Yes, the Code on Wages applies to all employees, including those engaged through contractors or third-party service providers.

Rule 11 of the Wage Rules specifically provides that where employees are employed through a contractor, the principal employer (i.e., the company or firm or the proprietor of the establishment) shall be pay the contractor, the wages which are payable to the employees in accordance with the Code on Wages. While the employer is not directly liable for such payment, the said Rule imposes a financial and supervisory obligation.

  1. How are “wages” defined under the Code on Wages?

Section 2(y) of the Code on Wages defines “wages” to mean all remuneration, whether by way of salaries, allowances, or otherwise, expressed in terms of money or capable of being so expressed, which would be payable to a person in respect of their employment or work done, if the terms of employment (express or implied) were fulfilled. Additionally, “Wages” expressly includes: (i) basic pay; (ii) dearness allowance; and (iii) retaining allowance, if any.

  1. What components of salary are excluded from “wages”?
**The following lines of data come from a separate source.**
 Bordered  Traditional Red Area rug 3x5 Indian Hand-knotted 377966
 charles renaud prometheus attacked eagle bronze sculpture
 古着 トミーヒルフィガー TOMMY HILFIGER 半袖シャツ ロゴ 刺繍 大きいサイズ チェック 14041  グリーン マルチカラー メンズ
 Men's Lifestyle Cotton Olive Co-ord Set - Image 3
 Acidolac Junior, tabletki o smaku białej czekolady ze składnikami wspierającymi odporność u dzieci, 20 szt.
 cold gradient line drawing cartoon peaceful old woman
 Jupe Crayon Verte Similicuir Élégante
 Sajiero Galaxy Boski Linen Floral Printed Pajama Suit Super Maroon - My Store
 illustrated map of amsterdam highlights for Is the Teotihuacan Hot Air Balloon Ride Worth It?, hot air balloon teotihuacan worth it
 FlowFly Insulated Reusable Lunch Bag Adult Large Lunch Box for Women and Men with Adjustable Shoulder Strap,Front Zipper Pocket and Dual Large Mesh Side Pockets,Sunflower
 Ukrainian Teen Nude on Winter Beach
The following components are excluded from “wages”:

  • any bonus not forming part of remuneration payable under the terms of employment;
  • the value of house-accommodation, supply of light, water, medical attendance or other amenities/services excluded by government order;
  • employer’s contribution to any pension or provident fund and interest accrued thereon;
  • conveyance allowance or the value of travelling concession;
  • sum paid to defray special expenses entailed by the nature of employment;
  • house rent allowance;
  • remuneration payable under an award, settlement, or court/tribunal order;
  • overtime allowance;
  • any commission payable to the employee;
  • gratuity payable on termination;
  • retrenchment compensation, retirement benefits, or ex gratia payments; and
  • any amount payable in lieu of notice of termination.
  1. What is the significance of the 50% cap on exclusions from wages?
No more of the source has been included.